Putting everything into perspective when asked about the state of the Nets’ defense, veteran center Ed Davis said how they played against the Pelicans would be the true measuring stick. “[They’re] going to be a great test,” Davis said. “Get back to me after the game. Not to take anything away from Cleveland, but I don’t think they’re a top-five team in the East. It was a good win for us, but we’re not overly excited. We came in expecting to win. We took care of business, but [New Orleans] is definitely one of those games where we’ll really see where we’re at on the offensive end and the defensive end, and as a team.”
Since leaving Portland to sign with the Nets as a free agent, Davis has formed an effective combination at center, backing up second-year man Jarrett Allen. He’s averaging a team-best 8.8 rebounds and has helped Allen lift his rebounding to 8.0 per game and improve his defense around the rim.
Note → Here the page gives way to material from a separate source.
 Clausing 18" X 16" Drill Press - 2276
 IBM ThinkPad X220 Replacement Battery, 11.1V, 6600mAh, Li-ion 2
“I love having Ed Davis,” Allen said. “I like competing with him. I want to get more rebounds than him because he’s a skilled rebounder. He helps push me along. He’s like, ‘Come on, JA, get some more rebounds.’ It’s almost like a game for me with the rebounding now. I’m always looking for little ways I can get more rebounds. He’s the perfect guy to watch.”
Davis has taken on the role of mentor for Allen, sharing the tricks of the trade he has learned across nine NBA seasons, and he appreciates Allen’s thirst for knowledge. “When I give him advice, it’s different than coming from these coaches because most of these coaches are not playing in the game and haven’t been in these situations,” Davis said. “He appreciates that instead of hearing the cliché things the coaches say, getting the real feel and the real experience from me, he can relate to it more than coming from a coach or a point guard who is not in those situations.”
The Nets’ Davis knew better than to imagine he and Allen could contain the Pelican’s Davis, who came in averaging 30.3 points, 13.0 rebounds and 3.33 blocks per game. In addition, the Nets had to contend with power forward Nikola Mirotic, who was averaging 28.0 points per game and shooting 47.8 percent from three-point range.
“He’s a top power forward in the game,” Ed Davis said of his Pelicans counterpart. “He’s a hell of a player. He can shoot it, put it on the floor. He can go left, he can go right. They run a lot of stuff through him. He’s going to get his.
“You’re not going to shut him down. You just want to make it as difficult as possible. I played against him a lot in the West and in the playoffs last year. He’s one of the top five players in the world.”
The Nets’ Davis hasn’t been known as a prolific scorer off the bench, but he is averaging 6.8 points and shooting 64.7 percent from the field, underlining his efficiency at both ends. “I definitely like this system,” Ed Davis said. “I get a lot of easy baskets from drop-offs or putbacks or just the guards being aggressive.”